Это его работа! Это он, словно камнем, придавил ее волю! Он обманул и заманил в ловушку! Я попалась, как муха в лигнитову паутину. Даже Кадия вряд ли когда-нибудь была так безрассудна, а Анигель так глупа. Боже, до чего раскалывается голова!
С трудом она оглядела свою темницу. Дальняя стена каморки была задрапирована несколькими гобеленами, между которыми уныло светились два узких длинных оконца. Тусклый дневной свет едва сочился в комнату. На улице падал снег — густые слипшиеся хлопья медленно опускались за стеклом, до которого нельзя было добраться. Перед рамами была вделана металлическая решетка. Две другие стены были обшиты панелями красного дерева; на них, в высоко укрепленных подсвечниках, горели длинные восковые свечи; чуть ниже висела картина, изображавшая необычный и незнакомый пейзаж. В маленьком камине, полость которого была выложена цветной плиткой, горел огонь. Однако тепло в помещении создавала маленькая жаровня, стоявшая у кровати. Харамис посмотрела на дверь. Створки сколочены из толстых, хорошо подогнанных досок из гонды с вырезанными на них звездами, вверху и внизу — наличники из толстых полос железа, петли и массивный замок.

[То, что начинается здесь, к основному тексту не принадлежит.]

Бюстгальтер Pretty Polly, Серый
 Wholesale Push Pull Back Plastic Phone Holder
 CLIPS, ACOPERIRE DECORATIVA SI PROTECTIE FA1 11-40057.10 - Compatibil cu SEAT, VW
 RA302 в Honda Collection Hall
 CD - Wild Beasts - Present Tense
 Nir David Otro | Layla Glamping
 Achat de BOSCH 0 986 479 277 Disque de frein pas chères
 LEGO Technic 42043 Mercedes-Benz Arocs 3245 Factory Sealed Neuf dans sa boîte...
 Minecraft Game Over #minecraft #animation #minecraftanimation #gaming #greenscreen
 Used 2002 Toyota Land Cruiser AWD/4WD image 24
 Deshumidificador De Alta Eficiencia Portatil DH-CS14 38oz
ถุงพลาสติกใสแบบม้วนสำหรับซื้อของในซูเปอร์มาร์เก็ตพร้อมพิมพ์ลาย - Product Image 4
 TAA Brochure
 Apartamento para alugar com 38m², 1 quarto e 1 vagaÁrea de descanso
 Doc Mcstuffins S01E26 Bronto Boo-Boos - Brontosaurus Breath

Она закрыта? Это место ее заключения?
Кровать мягкая, удобная, под пологом, приятные на ощупь простыни, парчовые портьеры…
Харамис вспомнила, как Орогастус привел ее сюда, когда она чуть не упала в обморок. Сначала они долго сидели у камина в большой гостиной, беседовали, потягивали теплое пахучее бренди. Потом — да-да! — ей стало плохо, и маг привел ее сюда; когда уходил, почему-то рассмеялся у порога, замок за ним щелкнул — она осталась одна и горько, бурно разрыдалась. Она села на край кровати, почувствовала головокружение, с трудом сняла верхнюю одежду и тотчас провалилась в черноту.
Неужели он подмешал ей яд? Он пытался отравить ее, чтобы овладеть талисманом?
Она подняла руку — пальцы дрожали, — пощупала. Нет, талисман на груди, подвешен на золотой цепочке. Вот он', Волшебный Скипетр. Трехкрылый Диск…
Благодарю вас, Владыки воздуха!
В дверь постучали.
— Уходите! — слабо вскрикнула она. — Будьте милосердны, я хочу покончить счеты с жизнью. Можете вы, наконец, оставить меня в покое?
— Харамис, пока вы живы, — мягко попросил Орогастус, — откройте, пожалуйста, дверь.
— Вы же сами закрыли меня, негодяй!
— Взгляните на стол, который стоит у камина.
С трудом, обхватив голову руками, чтобы она не разлетелась на куски, принцесса подняла глаза, взглянула на стол. Мельком увидела валявшийся на коврике перед кроватью меховой воротник, на скамье — брошенное впопыхах платье: складки черного вельвета странно посверкивали в свете пламени. Харамис так и не поняла, что за предмет лежит на столе, — принялась машинально одеваться и только потом подошла поближе к камину, чтобы разглядеть, на что же указывал Орогастус.